Saturday, December 10, 2011

Cartoons, Kala Pani and Me

 
What a mad week it has been with the EU decisions and protests in Russia. It is amazing how the Occupy movements have gathered momentum yet the inequities persist: the protestors tweeting and blogging every minute while millions still starve, are eye openers.
 
I wonder, how Tiannenman Square would have played out in this time. 22 years later, I wonder what happened to the lone man standing in front of a tank. My hero remains unnamed and unsung. 
 
In all the countries of all the lands, there exist  ' le tombeau de soldat inconnu' (my written francais is better than my spoken). We do not see them as no camera crews go there, no one places a wreath. These unsung soldiers live on in the hearts of those who love them.
 
Where are the young men who followed Netaji? Where the names of the people whose sepia prints decorate the walls of the Cellular Jail, those walls freshly whitewashed to welcome politicians as we, young minds in 1986 had stood transfixed at the people who fought for the freedom that we took for granted. Surely that is when my heart cried too: Rang De Basanti and has not stopped since.
 
Here I am at the tail end of my 4th decade (Amma had explained the meaning to me in her teachable moment of collective nouns), wondering about all those stories, all those cries and all those dreams.
 
My voice is one of many that take those dreams forward. I am not alone. John Lennon reminded me of that.

Wednesday, December 7, 2011

Doors open when there is kindness.

Yesterday was my last class and I was in a rush. I had prepared a presentation with a colleague, I was laden with my computer and my bag of snacks, my purse and my twisted, therefore wobbly knee. It was already dark when I got to the campus and it was quite cold. I walked through the indoor parking lot and got to the entrance of the building that leads through labyrinthine corridors to the room that has been my Tuesday evening haunt since September. 

I did not have a free hand to reach for the door know even and would have had to put down my bags...
and then a young woman walked through the doors and before they closed behind her, she reached over to the wall and pressed the automatic door button. She walked past me and magically, thanks to the touch of her spirit more than the push of the button, the heavy double doors swung open and I walked through them with a smile and a warm glow that the future is safe in the hands of people such as these.

I called out over my shoulder: " Thanks. And you are going straight into my blog".

And here she is, as promised.

Saturday, December 3, 2011

Chain reactions

My niece, wise girl-woman, commented on my post.
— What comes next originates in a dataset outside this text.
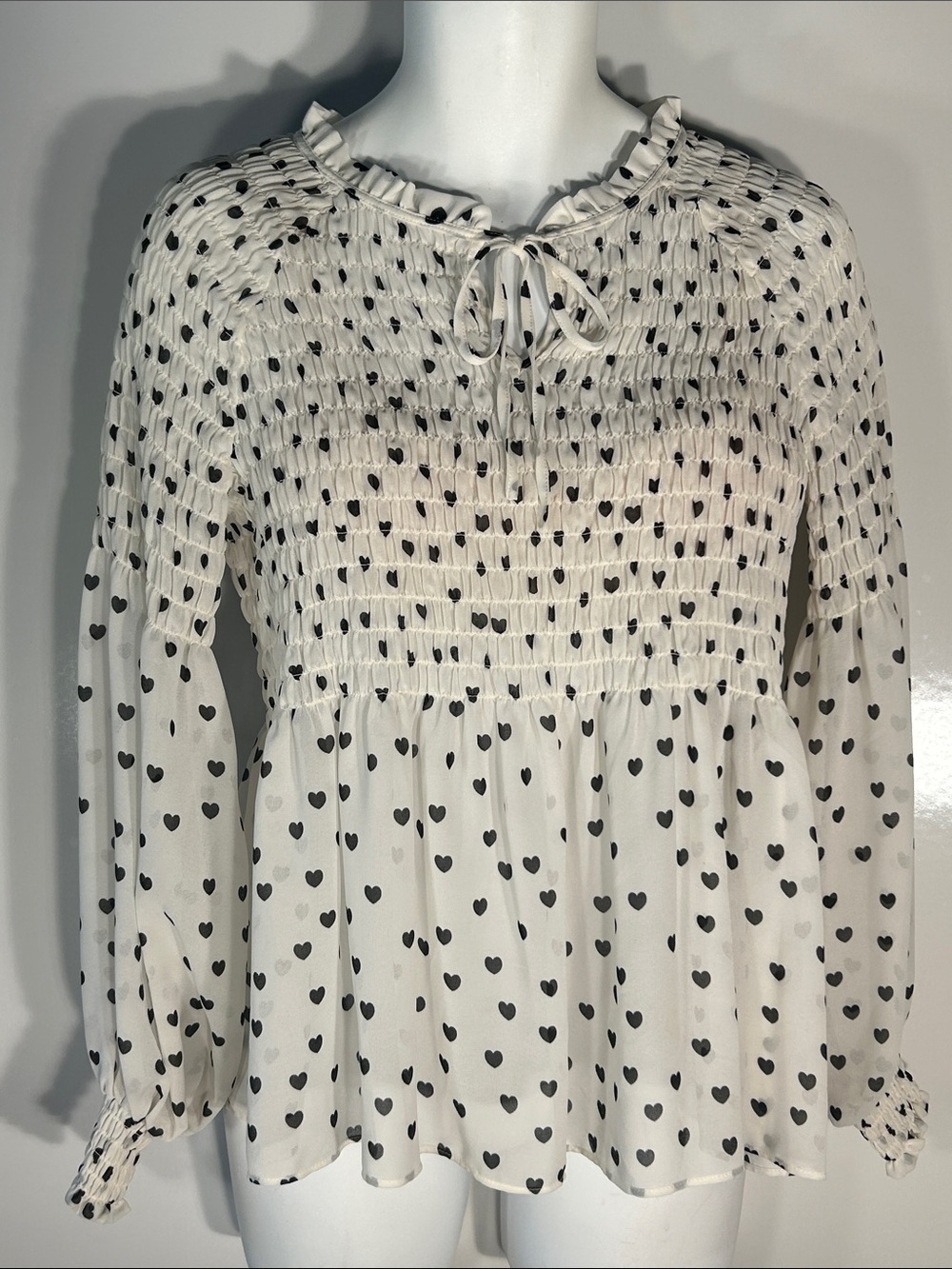 Rose & Olive SZ M Smocked Heart Print Peasant Blouse Coquette Fairy Cottage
I discovered her blog through this and was drawn into her world. I read about cricket and memories, posted a few comments. I admired her wit and intuitive ability to take her readers to heights and plunge them to the depths intense feeling. Thankful.

In one of her posts,she wondered aloud if she should have a theme for the blog and if that was the reason for her sparse posts. I started to write back and in doing so answered my own question, identical as it was.
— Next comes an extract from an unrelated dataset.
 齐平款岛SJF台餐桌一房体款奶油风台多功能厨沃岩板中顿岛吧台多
This is my 5th blog: there is one for my little girls in Andheri, one for my students to revive, one in memory of Amma, one for my activist avatar and now, this one.

Why so many? Because I am many things to myself and to the people in my life. Therefore my lens changes, my perspective changes as does my voice.

I used to struggle with this thought of themes and audience and purpose. Labelled boxes that formal writing packs my thoughts into, make me think of this before I start.

Then I remember a cold winter evening that I spent sifting through my 25 journals. I had found myself in the pages. The me who would have otherwise have been lost. Each and every Rashmee was there from 1991 until now.

The Rashmee I knew and loved then has become the Rashmee I know and love now. I cannot be this without also being that. It is because I was that then is why I am this not.

“The social world is accumulatedhistory.” Pierre Bourdieu reminds us.
And all the bits and pieces of me are here right now. And some of them have to get back to that presentation.

Look, little one, look what you started. Keep writing.

On being wired

Another Saturday morning and I am wired. Literally. Have been since yesterday, which was Friday. As the term comes to a close and the hectic activity of submissions, searches and sighs takes over, (this alliteration bug is brutal, folks), I had to go get a procedure for my eye. Now or never, so I went.
And rested on Thursday. But Friday came and I had to work, so bravely, with antibiotic drops in my eye, I sat at the table sifting through my slides.
The previous night, my presentation partner and I had come to the conclusion to work offsite: she at the West end, me in the East. The twain did meet.

Thanks to Skype and the iPhone and having a 2nd laptop to browse while I still worked on the slides on the first.

All at once, I am acutely aware of the affluence, the decadence and the privilege of all this. Long awaited, yes. But there are others who have waited longer and have nothing, or at least not as much as I do.

So we discussed, debated and decided until lunch time and are now working on the final stretch so that we can conference again tomorrow. I am hoping to Skype in my sister on Tuesday for a segment of the presentation and the world gets smaller with the thought.

Now what am I going do next with this learning? How am I going to use this privilege to pay it forward?

That, is the truest test.

Stay well and watch this space.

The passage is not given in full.